President Donald Trump at the annual pardoning of Thanksgiving turkeys in the White House Rose Garden on November 25, 2025.

By Michael Mashburn & Joe Lombardi From Daily Voice

President Donald Trump commuted the prison sentence of a New York private equity executive convicted in a massive fraud scheme involving more than 10,000 investors.

David Gentile, 57, of Manhasset, the former CEO and owner of GPB Capital Holdings, had been serving a seven-year federal sentence after his 2024 conviction on securities and wire fraud charges, as Daily Voice reported.

The White House on Monday, Dec. 1, confirmed the commutation, which does not appear to apply to his co-defendant, Jeffry Schneider of Ascendant Capital.

Gentile and Schneider were convicted in August 2024 following an eight-week trial in the Eastern District of New York. Prosecutors said the pair misled investors in three GPB private equity funds by disguising underperformance and using investor capital to pay “monthly distributions,” creating what the SEC described as a Ponzi-like structure that raised over $1.7 billion.

The US Attorney’s Office said the scheme ran from 2015 to 2018 and defrauded more than 10,000 investors nationwide. Gentile was also found guilty on two counts of wire fraud. Both men were sentenced in May.

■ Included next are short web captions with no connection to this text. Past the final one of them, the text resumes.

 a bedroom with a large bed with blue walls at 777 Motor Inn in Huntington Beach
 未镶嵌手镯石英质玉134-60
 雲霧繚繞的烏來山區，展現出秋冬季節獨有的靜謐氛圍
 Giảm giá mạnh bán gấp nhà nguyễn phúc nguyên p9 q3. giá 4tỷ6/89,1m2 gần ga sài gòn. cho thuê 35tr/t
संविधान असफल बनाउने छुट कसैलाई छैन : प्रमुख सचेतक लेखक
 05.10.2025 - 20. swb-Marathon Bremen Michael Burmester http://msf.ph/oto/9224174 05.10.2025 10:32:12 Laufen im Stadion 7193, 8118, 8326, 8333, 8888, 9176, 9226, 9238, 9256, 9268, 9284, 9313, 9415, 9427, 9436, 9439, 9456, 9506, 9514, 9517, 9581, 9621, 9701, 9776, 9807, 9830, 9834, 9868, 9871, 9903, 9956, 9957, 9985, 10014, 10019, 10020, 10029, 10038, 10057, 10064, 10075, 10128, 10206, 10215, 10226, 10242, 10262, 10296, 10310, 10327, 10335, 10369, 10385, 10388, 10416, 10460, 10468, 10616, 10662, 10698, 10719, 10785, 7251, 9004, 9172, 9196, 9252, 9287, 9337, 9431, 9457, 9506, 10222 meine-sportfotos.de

The White House defended the decision, arguing Gentile had been unfairly prosecuted.

“Unlike similar companies, GPB paid regular annualized distributions to its investors,” a White House official told CNN. The official claimed prosecutors “were unable to tie any supposedly fraudulent representations to Mr. Gentile” and said the defense raised concerns about false testimony at trial.

White House Press Secretary Karoline Leavitt echoed that stance Monday, calling the case “another example that has been brought to the president’s attention of the weaponization of justice from the previous administration,” and was why Trump signed the commutation.

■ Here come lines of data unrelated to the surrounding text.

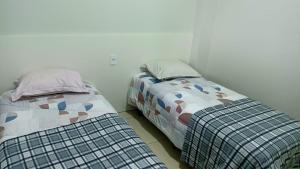 伊瓜苏Recanto Felicitá的两张睡床彼此相邻,位于一个房间里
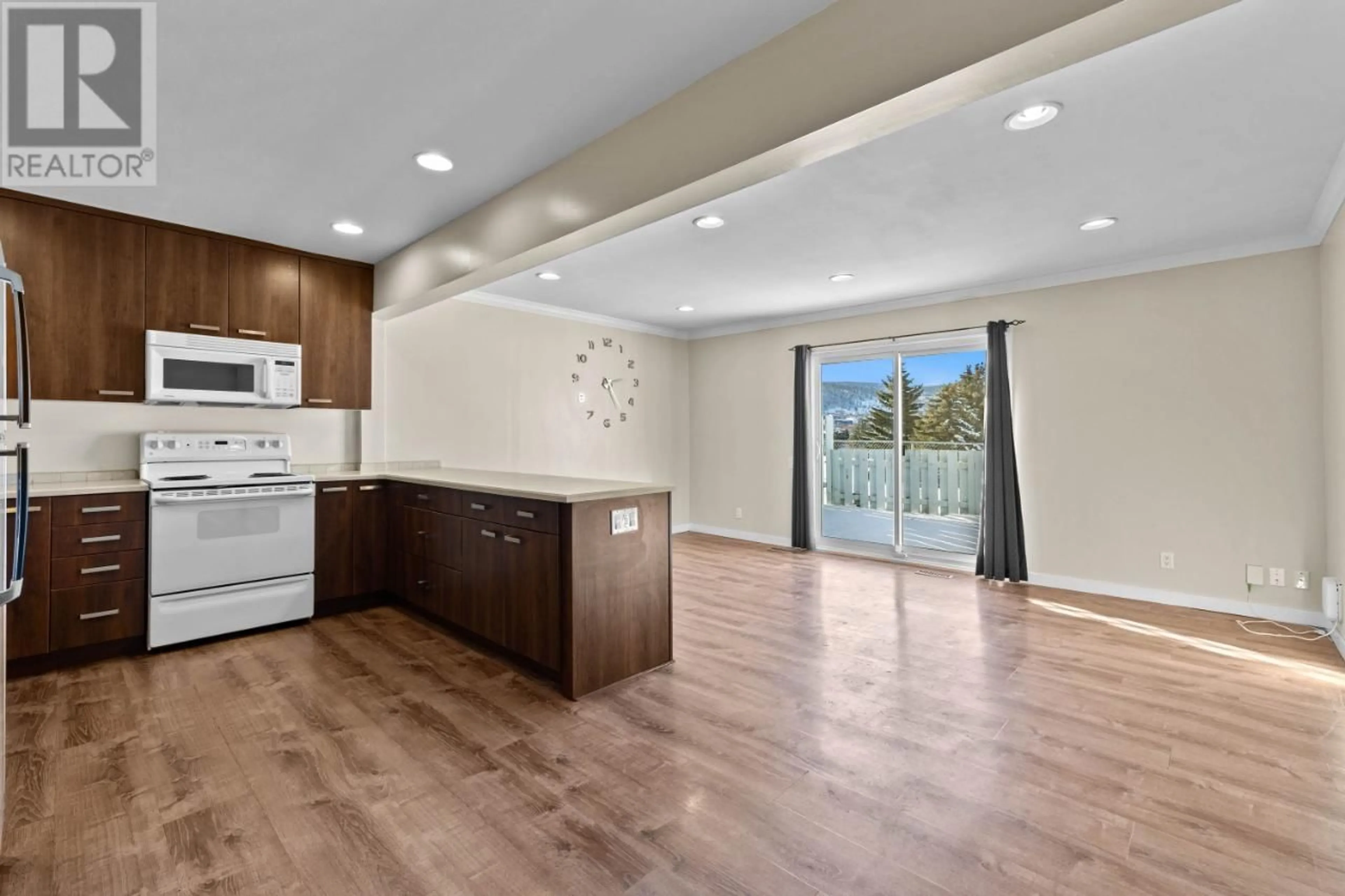 Contemporary kitchen for 311-1780 SPRINGVIEW PLACE, Kamloops British Columbia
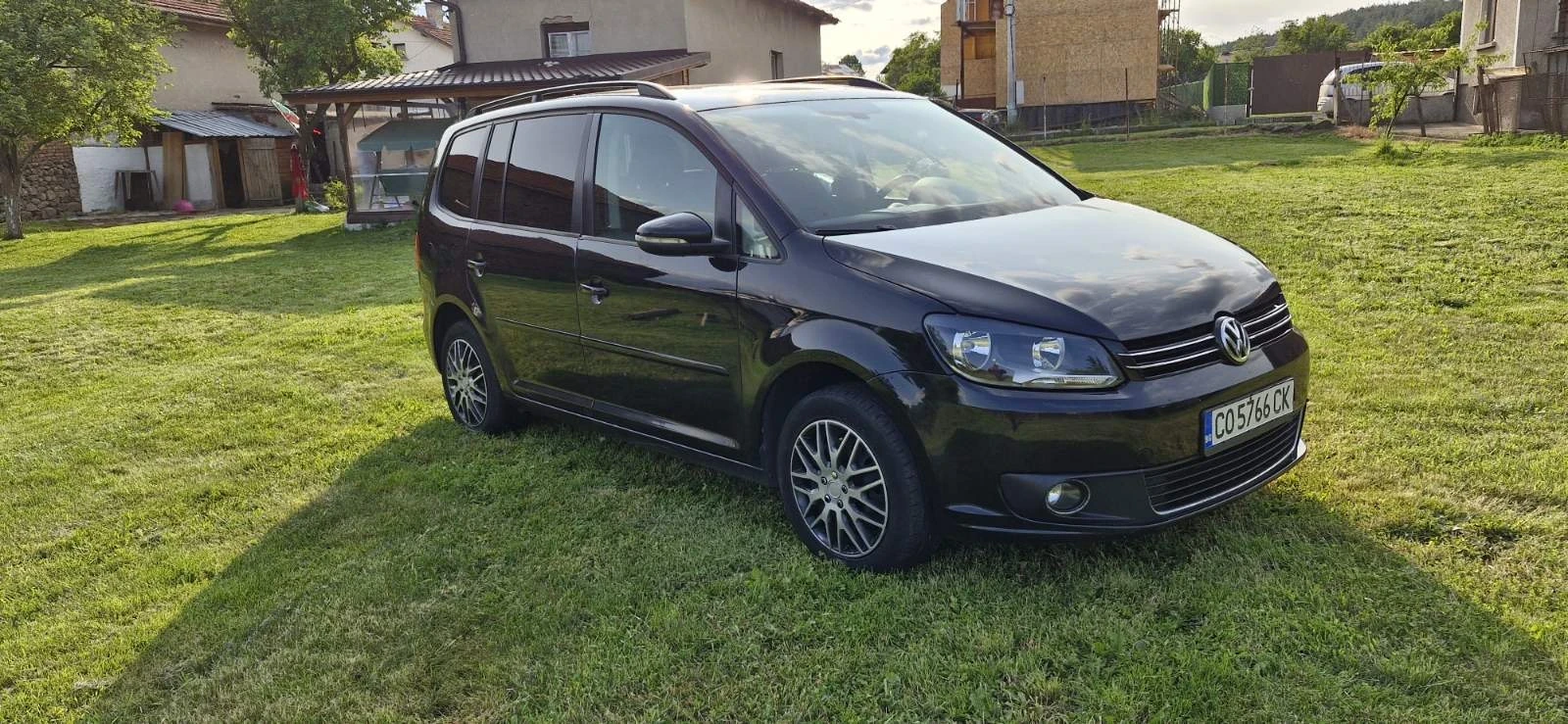 VW Touran 1, 4 TSI Фабричен метан - изображение 2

Trump has issued a series of high-profile reprieves during his second term, including Binance founder Changpeng Zhao, Silk Road creator Ross Ulbricht, and electric vehicle startup founder Trevor Milton.

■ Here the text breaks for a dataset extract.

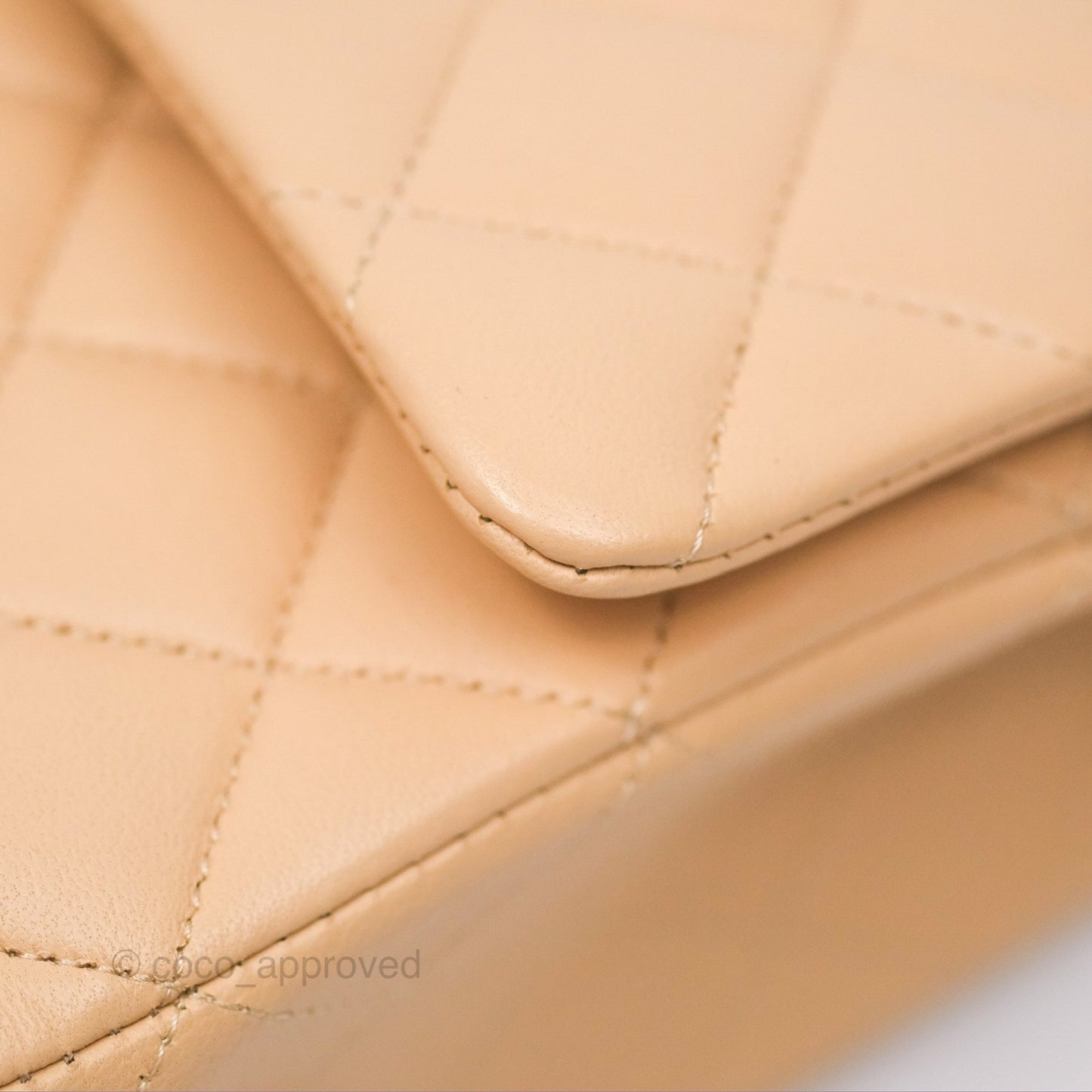 Chanel Classic M/L Medium Flap Quilted Beige Lambskin Gold Hardware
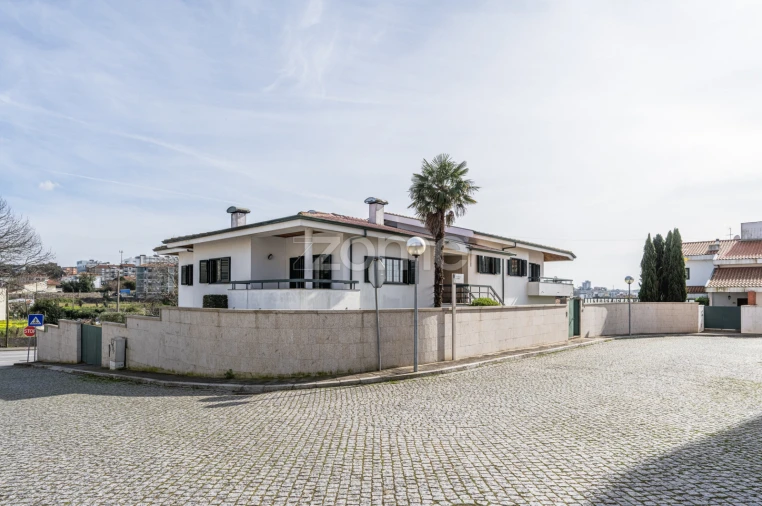 Moradia T4 para Venda em Pedrouços Foto 6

Alice Marie Johnson, Trump’s clemency adviser, praised the move in a Thanksgiving Day post on X, writing she was “deeply grateful to see David Gentile heading home to his young children.”

Johnson called the wave of recent commutations “miracles of mercy” and thanked Trump for “the extraordinary power of second chances.”

Schneider’s sentence has not been commuted, according to the White House.